Minor snark aside, Musk's companies have not availed of any government money
that wasn't available to others. And in many cases Musk's companies weren't
even the beneficiaries of said government money, quite often that money went
to the purchasers of products made by Musk's companies (Tesla, electric car
subsidies go to car owners, not manufacturers; Solar City, feed in payments go
to the owners of the solar equipment (and yes I realise sometimes that is to
finance companies and/or to Solar City)). In other cases like SpaceX they have
competed for government contracts and won those contracts.

But at the end of the day Musk's companies typically attract less subsidies
(Tesla / Solar vs other car companies / oil / gas / coal companies) or charge
the government less for the same work than others (think ULA).
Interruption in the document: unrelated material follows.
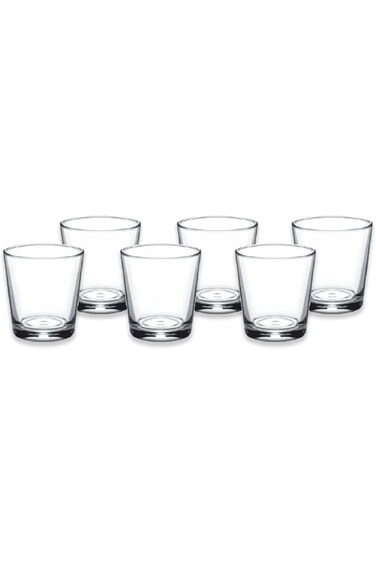 Homesmiths 50ML Shot Glass, Best suitable for beverages, Barware, made of durable ceramic. Set of 6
So in effect
they are better for the government's stated goals than a lot of other
companies. And yet at the end of the day Musk's companies need money to
survive and grow just like any other company; government or otherwise, and
compared to many other companies in their respective arenas their revenue from
government contracts can be substantially smaller pro rata.

So in the end Musk's companies will use whatever influence they can (this is
called hustle in start ups), and they need money (and do whatever they can to
avoid being solely dependent on government cash). And to top it off they
actively support competition, even when they could afford to stand still and
reduce the rate of innovation.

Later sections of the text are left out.